According to one aspect of the invention, a stator and a rotor are technically coupled, relative to vibration, and the coupled stator and rotor are jointly fastened in a housing via vibration elements. “Technically coupled, relative to vibration” shall mean that the rotor unit and the stator unit undergo essentially identical vibrations, so that significantly smaller gaps are practical between the stator and the rotor components than has been achieved by prior art designs. The joint vibrations of the coupled stator and rotor are absorbed by the vibration elements, by means of which the coupled stator and rotor are supported in the housing.

Preferably, the coupling between the rotor and the stator is a rigid coupling, whereby the size of the gap between the rotor and the stator is limited solely by the tolerances of the extruded and machine-produced components. These tolerances are sufficiently low that substantially lower gap tolerances are obtainable versus prior art designs which utilized elastomers.

For reasons of functional efficiency, it is frequently not possible to realize a rigid coupling.
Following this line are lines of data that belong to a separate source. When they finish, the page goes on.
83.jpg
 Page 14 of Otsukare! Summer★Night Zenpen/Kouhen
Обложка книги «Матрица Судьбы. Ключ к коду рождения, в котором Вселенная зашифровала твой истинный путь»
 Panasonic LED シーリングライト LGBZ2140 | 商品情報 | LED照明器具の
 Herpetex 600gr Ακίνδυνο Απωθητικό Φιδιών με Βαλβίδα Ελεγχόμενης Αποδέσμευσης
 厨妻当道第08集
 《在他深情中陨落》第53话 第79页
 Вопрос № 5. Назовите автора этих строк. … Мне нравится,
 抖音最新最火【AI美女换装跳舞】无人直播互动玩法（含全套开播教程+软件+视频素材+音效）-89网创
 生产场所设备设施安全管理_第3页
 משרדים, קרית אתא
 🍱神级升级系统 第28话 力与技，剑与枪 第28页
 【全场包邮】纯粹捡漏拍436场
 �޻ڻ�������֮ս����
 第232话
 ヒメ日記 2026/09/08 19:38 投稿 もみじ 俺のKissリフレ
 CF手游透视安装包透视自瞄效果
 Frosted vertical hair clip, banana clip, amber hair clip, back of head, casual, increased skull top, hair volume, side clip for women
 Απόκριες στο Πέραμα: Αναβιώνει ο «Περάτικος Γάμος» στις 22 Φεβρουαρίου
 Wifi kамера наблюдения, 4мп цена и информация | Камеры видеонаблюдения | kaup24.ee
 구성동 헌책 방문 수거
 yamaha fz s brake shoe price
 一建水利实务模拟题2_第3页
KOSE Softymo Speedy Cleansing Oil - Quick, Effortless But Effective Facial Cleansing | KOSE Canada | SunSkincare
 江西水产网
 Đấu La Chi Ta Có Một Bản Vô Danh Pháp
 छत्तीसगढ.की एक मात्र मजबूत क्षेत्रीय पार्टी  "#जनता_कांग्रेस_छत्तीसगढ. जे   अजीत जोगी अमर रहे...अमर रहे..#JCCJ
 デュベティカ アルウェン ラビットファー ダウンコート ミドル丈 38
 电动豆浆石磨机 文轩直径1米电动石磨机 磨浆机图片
In such instances, there are preferably one or more vibration elements arranged between the stator unit and the rotor unit, whereby relative vibrational movements therebetween are permitted. The maximum amplitude of such vibrational movements is, however, substantially reduced compared with prior art designs, because the determinative joint vibrational movements of the stator and the rotor are absorbed by the vibration elements supporting the stator and rotor combination in the housing. A drastic reduction in the gap between the stator and the rotor components versus the prior art designs is therefore still achieved.

For example, the O-rings between the stator and the rotor units can be significantly more rigid than the outer vibration elements. Taking into consideration the respective vibrating masses, a vibrational amplitude ratio of 20:80 is achieved thereby.

Other advantages of the invention will be evident to those of ordinary skill in the art from the examples described in the following detailed description and the attached drawings.

BRIEF DESCRIPTION OF THE DRAWINGS

The invention may take form in various components and arrangements of components, and in various steps and arrangements of steps. The drawings are only for the purposes of illustrating preferred embodiments and are not to be construed as limiting the invention.

FIG. 1 shows a longitudinal sectional view taken through a turbo-molecular pump formed in accordance with a first embodiment of the invention; and

FIG. 2 shows a sectional view taken through a molecular vacuum pump formed in accordance with a second embodiment of the invention.

DETAILED DESCRIPTION OF THE PREFERRED EMBODIMENTS

With reference to FIGS. 1 and 2, the two illustrated embodiments of a pump 1 include an outer housing 2. Arranged within the housing 2 is a rotor/stator system. 3, which is supported in the housing 2 by a first vibrational element 5 and by a second vibrational element 4. A connection flange 6 is disposed on the suction side of the housing 2, and a connection lid 7 is disposed on the pressure side of the housing 2. The rotor/stator system 3 includes a rotor unit 8 and a stator unit 9.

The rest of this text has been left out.